Collection entries:
--------------------------------

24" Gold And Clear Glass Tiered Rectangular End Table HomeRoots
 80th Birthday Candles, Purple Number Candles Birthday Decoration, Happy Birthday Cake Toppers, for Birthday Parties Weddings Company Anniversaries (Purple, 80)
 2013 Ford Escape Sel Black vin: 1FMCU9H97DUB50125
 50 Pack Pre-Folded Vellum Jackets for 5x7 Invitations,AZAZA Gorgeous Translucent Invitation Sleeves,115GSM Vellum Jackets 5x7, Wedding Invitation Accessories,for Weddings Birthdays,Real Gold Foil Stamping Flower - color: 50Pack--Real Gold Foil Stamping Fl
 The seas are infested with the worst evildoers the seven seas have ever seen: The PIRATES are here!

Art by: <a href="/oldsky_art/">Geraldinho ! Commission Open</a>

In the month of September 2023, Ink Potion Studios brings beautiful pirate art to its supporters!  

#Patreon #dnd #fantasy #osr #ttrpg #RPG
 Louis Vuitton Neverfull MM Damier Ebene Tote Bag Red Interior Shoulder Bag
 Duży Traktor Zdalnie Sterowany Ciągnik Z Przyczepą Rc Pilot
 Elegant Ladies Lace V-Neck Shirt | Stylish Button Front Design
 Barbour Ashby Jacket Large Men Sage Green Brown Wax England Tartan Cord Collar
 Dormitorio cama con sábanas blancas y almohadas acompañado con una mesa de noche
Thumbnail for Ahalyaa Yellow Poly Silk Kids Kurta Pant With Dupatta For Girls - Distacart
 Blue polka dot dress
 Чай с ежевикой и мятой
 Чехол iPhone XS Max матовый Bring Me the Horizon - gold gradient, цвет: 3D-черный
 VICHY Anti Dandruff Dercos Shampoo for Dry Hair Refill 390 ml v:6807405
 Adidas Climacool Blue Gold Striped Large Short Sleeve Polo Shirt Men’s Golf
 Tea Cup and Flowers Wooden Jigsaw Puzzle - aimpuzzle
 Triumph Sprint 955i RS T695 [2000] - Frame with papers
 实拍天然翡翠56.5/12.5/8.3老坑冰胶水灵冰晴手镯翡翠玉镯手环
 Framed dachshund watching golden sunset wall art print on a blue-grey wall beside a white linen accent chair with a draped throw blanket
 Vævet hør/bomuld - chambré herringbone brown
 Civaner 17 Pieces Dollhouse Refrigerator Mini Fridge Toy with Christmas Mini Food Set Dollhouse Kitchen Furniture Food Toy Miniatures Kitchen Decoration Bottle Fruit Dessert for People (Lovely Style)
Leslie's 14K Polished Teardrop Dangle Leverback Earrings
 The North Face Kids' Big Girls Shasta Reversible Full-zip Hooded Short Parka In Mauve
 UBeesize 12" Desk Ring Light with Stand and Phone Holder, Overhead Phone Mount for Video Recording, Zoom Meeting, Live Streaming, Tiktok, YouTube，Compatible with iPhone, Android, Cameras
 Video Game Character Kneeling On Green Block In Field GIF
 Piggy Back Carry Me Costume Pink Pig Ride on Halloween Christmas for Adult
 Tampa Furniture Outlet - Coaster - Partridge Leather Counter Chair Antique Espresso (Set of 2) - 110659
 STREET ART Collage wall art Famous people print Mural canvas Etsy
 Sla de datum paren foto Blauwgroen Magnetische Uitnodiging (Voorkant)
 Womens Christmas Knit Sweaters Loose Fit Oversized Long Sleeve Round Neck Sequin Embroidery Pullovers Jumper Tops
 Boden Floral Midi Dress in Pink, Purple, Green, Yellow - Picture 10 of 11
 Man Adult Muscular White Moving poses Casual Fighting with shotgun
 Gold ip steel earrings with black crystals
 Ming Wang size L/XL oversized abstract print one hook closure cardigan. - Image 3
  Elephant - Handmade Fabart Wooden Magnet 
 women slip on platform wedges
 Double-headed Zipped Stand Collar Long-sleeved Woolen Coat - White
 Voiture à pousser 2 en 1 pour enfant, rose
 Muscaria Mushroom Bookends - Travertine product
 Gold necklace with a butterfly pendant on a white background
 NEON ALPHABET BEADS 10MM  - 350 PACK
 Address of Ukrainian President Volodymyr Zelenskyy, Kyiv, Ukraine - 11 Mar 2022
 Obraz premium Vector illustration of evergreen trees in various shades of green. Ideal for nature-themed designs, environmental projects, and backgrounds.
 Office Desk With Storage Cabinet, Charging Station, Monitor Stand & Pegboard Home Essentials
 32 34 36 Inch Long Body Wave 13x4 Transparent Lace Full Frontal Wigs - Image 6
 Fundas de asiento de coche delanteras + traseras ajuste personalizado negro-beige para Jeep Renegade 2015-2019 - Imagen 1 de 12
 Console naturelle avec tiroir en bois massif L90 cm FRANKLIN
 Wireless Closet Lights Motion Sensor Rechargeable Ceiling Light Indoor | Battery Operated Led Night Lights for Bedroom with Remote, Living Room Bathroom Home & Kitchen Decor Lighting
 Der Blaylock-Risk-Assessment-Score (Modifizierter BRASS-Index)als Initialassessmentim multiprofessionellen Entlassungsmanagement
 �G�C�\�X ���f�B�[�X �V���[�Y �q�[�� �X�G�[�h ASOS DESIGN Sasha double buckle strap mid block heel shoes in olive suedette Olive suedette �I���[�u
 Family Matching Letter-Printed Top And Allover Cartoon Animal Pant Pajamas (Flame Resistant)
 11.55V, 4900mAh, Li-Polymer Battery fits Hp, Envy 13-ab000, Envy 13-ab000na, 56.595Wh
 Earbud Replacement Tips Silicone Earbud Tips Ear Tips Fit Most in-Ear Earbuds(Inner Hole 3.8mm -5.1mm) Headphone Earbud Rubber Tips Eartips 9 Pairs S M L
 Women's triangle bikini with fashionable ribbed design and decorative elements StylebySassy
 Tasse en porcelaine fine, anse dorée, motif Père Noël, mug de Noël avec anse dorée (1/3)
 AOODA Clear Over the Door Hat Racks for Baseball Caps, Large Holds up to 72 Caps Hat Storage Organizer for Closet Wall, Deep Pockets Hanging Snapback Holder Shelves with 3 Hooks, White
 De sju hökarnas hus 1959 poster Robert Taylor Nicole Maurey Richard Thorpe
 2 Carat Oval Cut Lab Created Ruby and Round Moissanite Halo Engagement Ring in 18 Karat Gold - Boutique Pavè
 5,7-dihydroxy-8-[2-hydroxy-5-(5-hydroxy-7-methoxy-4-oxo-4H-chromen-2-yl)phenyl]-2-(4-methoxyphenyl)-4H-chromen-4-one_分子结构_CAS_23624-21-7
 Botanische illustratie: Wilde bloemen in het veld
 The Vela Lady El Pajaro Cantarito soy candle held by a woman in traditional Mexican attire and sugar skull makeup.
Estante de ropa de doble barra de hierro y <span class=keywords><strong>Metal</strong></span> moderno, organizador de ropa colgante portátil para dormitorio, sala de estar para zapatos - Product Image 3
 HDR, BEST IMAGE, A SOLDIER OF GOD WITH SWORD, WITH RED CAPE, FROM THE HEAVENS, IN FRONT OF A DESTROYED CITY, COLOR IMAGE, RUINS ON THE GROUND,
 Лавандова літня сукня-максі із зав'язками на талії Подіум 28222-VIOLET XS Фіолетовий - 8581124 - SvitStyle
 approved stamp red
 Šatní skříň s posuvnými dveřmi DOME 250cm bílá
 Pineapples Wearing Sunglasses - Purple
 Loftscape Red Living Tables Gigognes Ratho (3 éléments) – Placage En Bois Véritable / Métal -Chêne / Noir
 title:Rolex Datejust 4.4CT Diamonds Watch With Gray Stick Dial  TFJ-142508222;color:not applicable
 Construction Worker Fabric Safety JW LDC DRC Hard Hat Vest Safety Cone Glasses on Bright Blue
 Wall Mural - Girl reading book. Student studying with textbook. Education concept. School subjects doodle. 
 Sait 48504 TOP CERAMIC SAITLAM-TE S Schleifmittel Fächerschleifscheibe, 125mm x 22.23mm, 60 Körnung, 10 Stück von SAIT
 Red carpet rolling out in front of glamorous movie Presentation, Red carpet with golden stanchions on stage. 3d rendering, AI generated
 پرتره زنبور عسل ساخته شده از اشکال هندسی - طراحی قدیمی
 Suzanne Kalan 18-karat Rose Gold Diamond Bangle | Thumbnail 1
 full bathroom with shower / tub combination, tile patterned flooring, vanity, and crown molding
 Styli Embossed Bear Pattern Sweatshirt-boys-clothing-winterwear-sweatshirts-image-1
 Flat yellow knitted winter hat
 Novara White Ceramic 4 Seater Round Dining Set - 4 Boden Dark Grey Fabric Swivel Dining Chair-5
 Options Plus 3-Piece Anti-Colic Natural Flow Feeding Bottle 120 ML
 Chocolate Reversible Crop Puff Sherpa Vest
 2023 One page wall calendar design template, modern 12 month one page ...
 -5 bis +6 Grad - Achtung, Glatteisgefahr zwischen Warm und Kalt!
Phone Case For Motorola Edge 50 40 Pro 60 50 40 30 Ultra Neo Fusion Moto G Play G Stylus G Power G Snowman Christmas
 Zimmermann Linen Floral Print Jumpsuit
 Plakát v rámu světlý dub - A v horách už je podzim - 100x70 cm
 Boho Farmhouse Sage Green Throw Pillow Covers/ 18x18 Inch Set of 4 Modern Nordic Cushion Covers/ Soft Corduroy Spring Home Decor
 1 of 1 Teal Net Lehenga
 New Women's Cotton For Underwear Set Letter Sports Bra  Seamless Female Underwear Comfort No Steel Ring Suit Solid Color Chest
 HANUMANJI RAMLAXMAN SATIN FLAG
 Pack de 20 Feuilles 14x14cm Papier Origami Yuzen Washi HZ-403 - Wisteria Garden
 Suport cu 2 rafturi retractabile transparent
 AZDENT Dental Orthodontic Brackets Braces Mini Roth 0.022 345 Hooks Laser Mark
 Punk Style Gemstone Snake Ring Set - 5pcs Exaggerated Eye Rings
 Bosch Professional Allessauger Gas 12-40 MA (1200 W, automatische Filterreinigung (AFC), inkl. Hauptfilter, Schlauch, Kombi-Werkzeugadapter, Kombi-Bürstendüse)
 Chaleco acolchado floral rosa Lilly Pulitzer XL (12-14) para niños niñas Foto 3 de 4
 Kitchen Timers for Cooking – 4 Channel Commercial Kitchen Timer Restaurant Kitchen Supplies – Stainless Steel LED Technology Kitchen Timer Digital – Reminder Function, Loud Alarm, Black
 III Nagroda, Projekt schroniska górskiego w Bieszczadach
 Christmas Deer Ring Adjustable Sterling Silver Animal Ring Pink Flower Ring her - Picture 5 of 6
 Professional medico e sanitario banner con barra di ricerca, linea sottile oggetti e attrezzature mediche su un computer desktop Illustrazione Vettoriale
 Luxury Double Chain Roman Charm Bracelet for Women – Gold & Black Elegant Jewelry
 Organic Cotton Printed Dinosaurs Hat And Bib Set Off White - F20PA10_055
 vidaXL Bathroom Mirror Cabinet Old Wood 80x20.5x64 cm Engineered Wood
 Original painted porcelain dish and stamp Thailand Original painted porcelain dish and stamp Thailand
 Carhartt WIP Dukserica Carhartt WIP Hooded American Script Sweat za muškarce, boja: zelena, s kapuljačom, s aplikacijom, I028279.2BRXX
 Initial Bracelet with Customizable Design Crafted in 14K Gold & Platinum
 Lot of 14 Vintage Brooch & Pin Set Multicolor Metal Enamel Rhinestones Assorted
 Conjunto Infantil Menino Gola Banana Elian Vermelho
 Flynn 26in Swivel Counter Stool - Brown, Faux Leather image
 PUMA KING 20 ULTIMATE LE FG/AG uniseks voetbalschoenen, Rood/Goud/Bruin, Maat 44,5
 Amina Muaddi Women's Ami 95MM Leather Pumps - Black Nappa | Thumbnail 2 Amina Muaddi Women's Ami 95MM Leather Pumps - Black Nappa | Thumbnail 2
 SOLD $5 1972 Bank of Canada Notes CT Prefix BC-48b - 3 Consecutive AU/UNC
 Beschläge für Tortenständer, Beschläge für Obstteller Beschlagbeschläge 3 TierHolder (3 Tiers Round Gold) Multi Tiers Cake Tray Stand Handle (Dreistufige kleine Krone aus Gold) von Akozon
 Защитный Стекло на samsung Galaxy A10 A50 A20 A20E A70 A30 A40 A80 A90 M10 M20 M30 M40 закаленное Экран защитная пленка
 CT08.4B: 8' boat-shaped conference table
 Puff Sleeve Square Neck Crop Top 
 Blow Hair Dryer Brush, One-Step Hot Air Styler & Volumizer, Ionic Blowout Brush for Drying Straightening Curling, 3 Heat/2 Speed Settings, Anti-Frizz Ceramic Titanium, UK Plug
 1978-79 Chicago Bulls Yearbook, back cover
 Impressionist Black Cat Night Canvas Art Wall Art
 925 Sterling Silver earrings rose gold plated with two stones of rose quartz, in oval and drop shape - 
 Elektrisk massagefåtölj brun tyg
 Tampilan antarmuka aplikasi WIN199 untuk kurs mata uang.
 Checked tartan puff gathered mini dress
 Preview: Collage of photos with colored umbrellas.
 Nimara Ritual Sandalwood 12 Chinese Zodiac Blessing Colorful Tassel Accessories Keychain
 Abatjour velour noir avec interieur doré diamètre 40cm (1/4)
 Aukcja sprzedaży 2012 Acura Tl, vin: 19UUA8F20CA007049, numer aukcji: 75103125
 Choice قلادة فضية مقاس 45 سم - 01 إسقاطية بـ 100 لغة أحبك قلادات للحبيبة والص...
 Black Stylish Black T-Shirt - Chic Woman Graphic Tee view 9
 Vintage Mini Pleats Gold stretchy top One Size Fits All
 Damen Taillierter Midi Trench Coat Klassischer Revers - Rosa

--------------------------------

■ Task item: There is a run of lines above from the one with "Red carpet rolling" to the one with "Chocolate Reversible Crop Puff Sherpa Vest"; print exactly that run, both ends included, and nothing else.

■ Answer for the task:
 Red carpet rolling out in front of glamorous movie Presentation, Red carpet with golden stanchions on stage. 3d rendering, AI generated
 پرتره زنبور عسل ساخته شده از اشکال هندسی - طراحی قدیمی
 Suzanne Kalan 18-karat Rose Gold Diamond Bangle | Thumbnail 1
 full bathroom with shower / tub combination, tile patterned flooring, vanity, and crown molding
 Styli Embossed Bear Pattern Sweatshirt-boys-clothing-winterwear-sweatshirts-image-1
 Flat yellow knitted winter hat
 Novara White Ceramic 4 Seater Round Dining Set - 4 Boden Dark Grey Fabric Swivel Dining Chair-5
 Options Plus 3-Piece Anti-Colic Natural Flow Feeding Bottle 120 ML
 Chocolate Reversible Crop Puff Sherpa Vest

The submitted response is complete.